Newly divorced therapist Noir wasn't expecting to fall for criminal mastermind Dragon when he was assigned to weekly meetings with him in prison as part of his possible parole. But fall he did, and hard.

Dragon, however, is no knight in shining armor. Like his namesake, he's a fiery beast that will do anything to protect his new treasure...

"He’s clever, he thought. Not getting violent but refusing necessities for his own good unless they do what he wants – manipulative."

Despite how “nice” of a person I generally consider myself to be, it’s a guilty pleasure of mine to enjoy books where some people start going to the darker side. What can I say but that contradictions and layers add spice?

I had to put aside the other books I was reading when I stumbled across the plot for this one because it sounded pretty unique, and I’ll just admit I was in the mood for some new m/m romance.

The book definitely didn’t let me down on standing out as something different and daring, and it didn’t sugarcoat the characters from the synopsis. You expect a criminal and you get a criminal who is mainly unrepentant and not fluffy/misunderstood, and you expect a psychologist that’s realistic, so you’re treated with one who is a flawed, burned out and layered character.

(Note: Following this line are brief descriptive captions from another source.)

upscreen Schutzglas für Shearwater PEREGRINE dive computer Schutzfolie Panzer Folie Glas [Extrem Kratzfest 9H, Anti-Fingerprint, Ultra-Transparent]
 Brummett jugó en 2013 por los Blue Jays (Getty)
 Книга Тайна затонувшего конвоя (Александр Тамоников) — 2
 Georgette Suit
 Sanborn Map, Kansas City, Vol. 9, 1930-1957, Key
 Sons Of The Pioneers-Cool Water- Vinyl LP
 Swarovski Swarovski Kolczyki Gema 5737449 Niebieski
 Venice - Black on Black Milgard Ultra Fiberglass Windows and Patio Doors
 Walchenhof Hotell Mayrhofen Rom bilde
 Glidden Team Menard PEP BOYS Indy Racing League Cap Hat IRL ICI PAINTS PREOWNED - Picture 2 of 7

As other reviewers have noted, it’s not high on the romantic steam but the fascination lies in the blending of the two minds on the brink of a life’s change. “Dragon” uses his intelligence and con-artist personality to try to manipulate and coerce as expected, but the author thankfully gives us a layered and realistic man with a motive that makes decent sense. His personality fits the domineering and naughty type but it’s not overdone to where it’s eye-rolling or unconvincing. Vulnerability hits in soft notes but nothing angst-driven or downright silly; instead we get a book mainly filled with intriguing and convincing dialogue that shows an intelligent and socially stunted mind at work.

The doc isn’t as worthy of a character, but he’s still likable and easy to follow. He’s been burned out by hearing so many horror stories and trades the wealth of higher pursuits in his field to try and make a change in the criminal justice system. That’s been coming to an end for awhile but he holds on to integrity while allowing himself to reluctantly change into something ‘other.’ While Dragon may be reformed because he sees the error of his ways by the insane risks of the punishment system and downright boredom, it is Noire who goes through the most evolved character change.

It’s a shorter book and it’s hard to put down since the pacing holds up well just because I was intrigued. Dragon is admittedly asexual so you don’t get actual physical contact much between the two, but there is a charged interest that goes into genuine romantic and unique friendship territory. There’s a tossed in heady scene where Noire explores some of his kinky side, a personal battle with addiction, and the tricky obstacles of the prison system.

It may not be what you’re expected right off for a romance, or m/m romance, but that’s perfectly fine since this one so heavily delivers anyway in the actual emotional human feels department.